▸ What to work on
Beginning at the line that contains "Makita 196740-7 Pílová reťaz Makita" and finishing at the line that contains "Lejlighed i Vila", output the data below exactly. Include both end lines and no pictures.

▸ Exercise input
*** Begin section ***
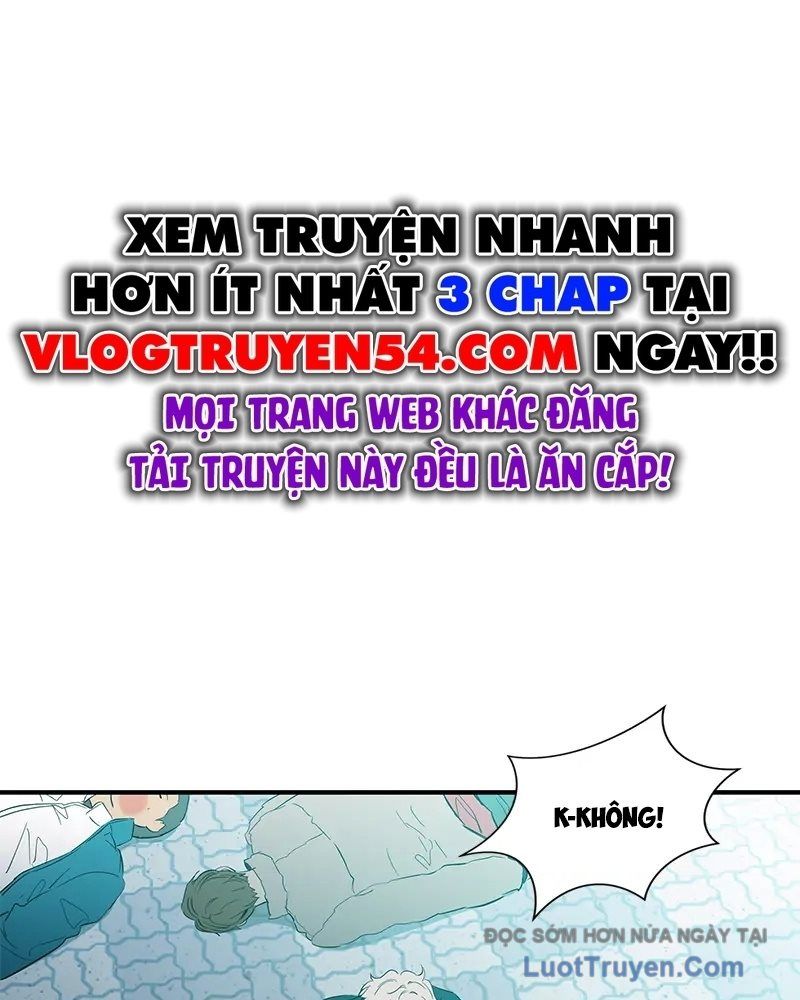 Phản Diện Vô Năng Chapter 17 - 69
*** End section ***
*** Begin section ***
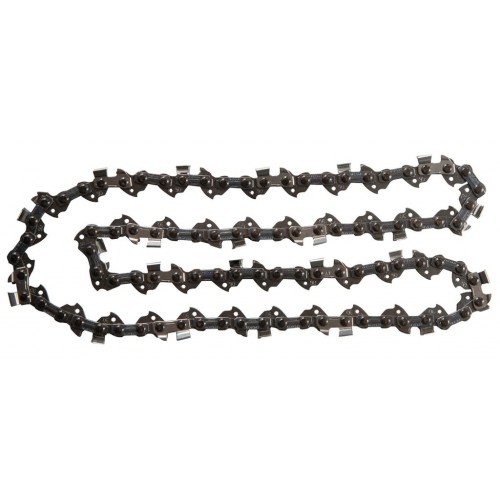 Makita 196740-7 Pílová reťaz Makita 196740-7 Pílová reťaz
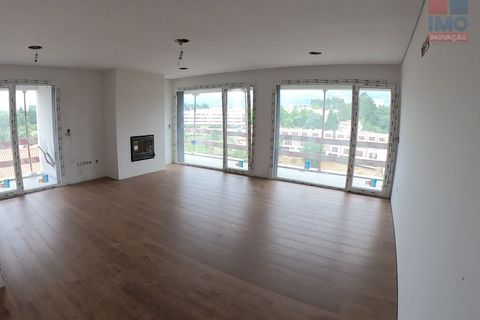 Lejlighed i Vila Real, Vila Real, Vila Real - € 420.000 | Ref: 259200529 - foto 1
*** End section ***
▸ Exercise solution
 Makita 196740-7 Pílová reťaz Makita 196740-7 Pílová reťaz
 Lejlighed i Vila Real, Vila Real, Vila Real - € 420.000 | Ref: 259200529 - foto 1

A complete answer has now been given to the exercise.